Non fu, Elena, traviata da Afrodite, che la rese irresponsabile? L'Elena che fuggì con Paride era, dunque, un'altra Elena, giocata da una forza che l'oltrepassava (dice lei). Ma bisogna anticipare súbito che questo ipocrita stratagemma «riconciliatorio» è creduto solo a metà da chi lo mette in atto: Elena parla di un suo pentimento, si fustiga rivolgendo contro sé stessa l'epiteto di «cagna» o «faccia di cagna»; Menelao dà, incidentalmente, una versione dei fatti che contrasta con quella data da Elena: non sarà, questa serie di lapsus, mirata a farci capire che, dietro la facciata della riconciliazione e della verità ufficiale, il conflitto rimane ed entrambi i partners conoscono la verità? Mi domando se le due coppie non indichino due livelli del conflitto, se, dietro la realtà «civile» di Menelao-Elena, non ci sia il fantasma selvaggio di Agamennone-Clitemnestra; se siamo «civili». Se teniamo alle ricompense offerteci dalla civiltà, facciamo come Menelao-Elena, ma sappiamo di essere nello stesso tempo premuti ad agire come Agamennone-Clitemnestra.

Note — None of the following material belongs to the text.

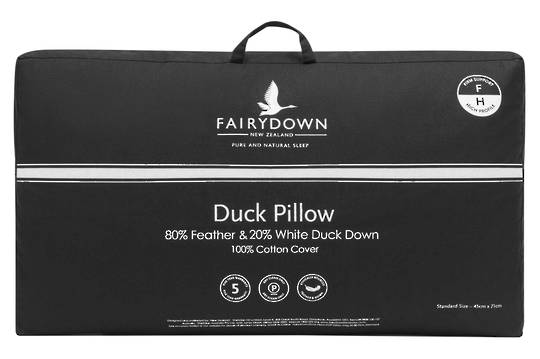 Fairydown - Duck Feather & Down 80/20 Pillow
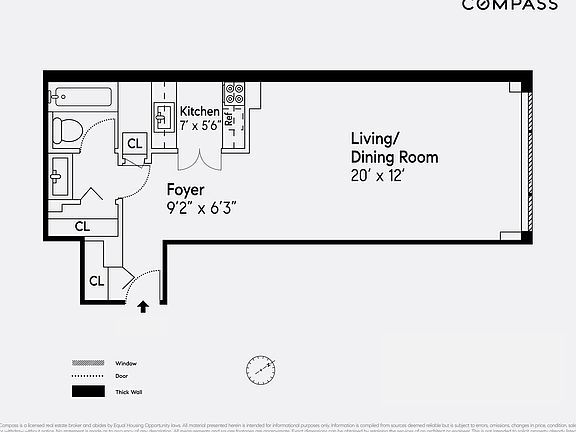 2nd image of 310 W 56th St APT 7C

Menelao-Elena si raccontano, ci raccontano una fiaba: Elena è stata riaccolta in casa perché riconosciuta incolpevole: alla forza di Afrodite nessuno può resistere. Proviamo a rovesciare la lettura: siccome Elena è ritornata a casa (ha rinunciato ad «agire» ulteriormente il desiderio sovvertitore), le viene riconosciuta l'incolpevolezza, e viene premiata con la pace e la serenità delle mura domestiche. Ma, come abbiamo accennato, è perfin troppo evidente che cosa si nasconda dietro questa facciata. Non farà parte della «pedagogia» omerica anche il lasciar intendere che si tratta di una facciata, ma contestualmente affermare che tale facciata è necessaria all'ordine della vita civile? Come dire: non sono qui a trattarvi da stupidi, a ingannarvi, raccontandovi la storiella della riconciliazione fondata sull'incolpevolezza; lo so anch'io - e ve lo faccio intendere - che le cose, in realtà, stanno diversamente; ma vi voglio dire, soprattutto, che, se non fingiamo che stiano cosí, non è possibile costruire un mondo civile, fertile, ordinato, produttivo. Qualche millennio dopo Omero, chiunque potrebbe riscrivere la storia sostituendo alla potenza di Afrodite la potenza irresistibile delle pulsioni e facendo di Elena lo zimbello dell'Es. Ma noi sappiamo che Elena è astuta, è seduttrice, è causa di contesa e di rovina, è sterile dopo l'avventura con Paride, possiede il segreto di farmaci che tolgono ogni pena, che rendono insensibili a qualunque dolore e li somministra segretamente a coloro che piangono per i mali che ella stessa ha causati (È quanto fa allorché, nel ricordare i dolori e i lutti della guerra di Troia, Menelao e Telemaco e Pisistrato sono sopraffatti dalle lacrime ed Elena versa nelle loro coppe il farmaco che toglie il dolore: più che una manifestazione di compassione o di tardiva riparazione, mi sembra, questa, una compiaciuta manifestazione di potenza che, tra l'altro, mette Elena al riparo dal rancore o dall'ira che potrebbe rivolgersi contro di lei come causa di ogni sciagura).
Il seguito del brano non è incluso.